Commanders and leaders
- Unknown: Abba Goroma †

Units involved
- 7th Division 81st Battalion; 12th Brigade 134th Battalion;: Unknown

Casualties and losses
- Total: 56 killed, 74 missing 1st battle: 16 killed, 9 missing 2nd battle: 40 killed, 65 missing: 150+ killed

= Battles of the Kasiya Forest =

On 12 and 13 September 2013, Nigerian forces stormed a Boko Haram camp in the Kasiya forest in northeast Borno State, Nigeria, killing around 150 militants and sixteen soldiers. The day afterward, the surviving Boko Haram militants ambushed a different group of Nigerian soldiers on the outskirts of the Kasiya forest near Kangarwa, killing 40 soldiera and leaving 65 others missing.

== Background ==
Boko Haram emerged in 2009 as a jihadist social and political movement in a failed rebellion in northeast Nigeria. Throughout the following years, Abubakar Shekau unified militant Islamist groups in the region and continued to foment the rebellion against the Nigerian government, conducting terrorist attacks and bombings in cities and communities across the region. The area around the Kasiya forest had been a known Boko Haram hub of activity, with the group using their base in the forest to kill 40 Nigerian soldiers in Gashua in May. The base itself was extremely well-defended and highly fortified.

== Battles ==
Nigerian officials stated that the battle began when Nigerian troops infiltrated the camp on the night of 12 September. These troops were part of the 81st Battalion of the 7th Division of the Nigerian Army. These troops had aerial support, and the battle at Kasiya lasted for several hours. The militants, caught by surprise, shot wildly at the Nigerian soldiers. The militants were forced to desert the camp. Nigerian officials said that over 150 militants were killed during the battle, along with sixteen Nigerian soldiers. Of the soldiers, one officer and a lieutenant were killed. Nine more soldiers were also missing. A top Boko Haram commander, Abba Goroma, was killed as well.
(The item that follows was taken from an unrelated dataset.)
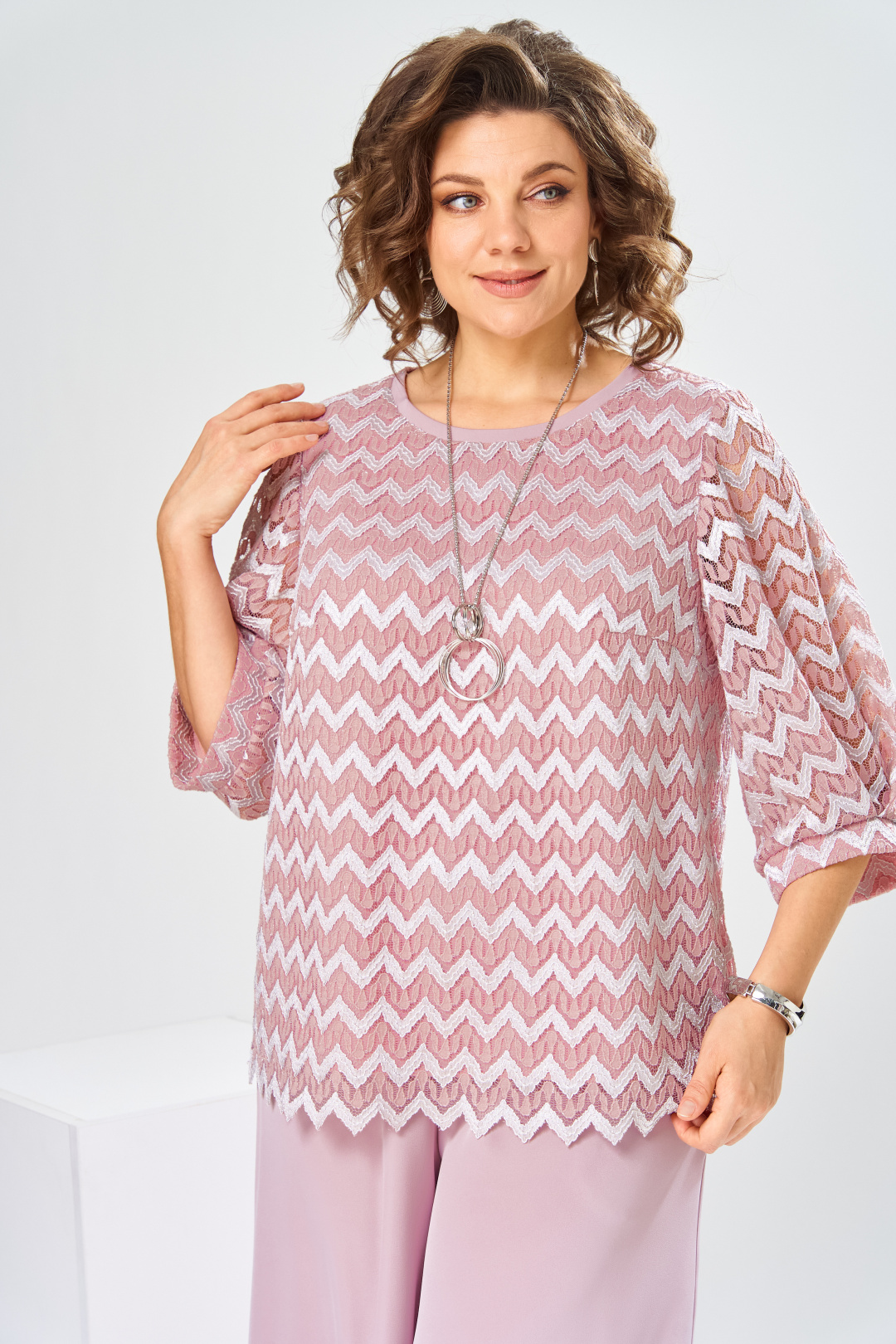 Костюм Romanovich Style 2-2892 пудровый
The battle was a major victory for Nigerian forces after several hefty losses against Boko Haram. In the days following the attack, the surviving militants began ambushes on Nigerian soldiers in the Kasiya forest. At least 40 soldiers from the 134th Battalion of the 12th Brigade were killed and 65 others missing by the militants on 13 September after no aerial support showed up. The Nigerian army denied the existence of this attack.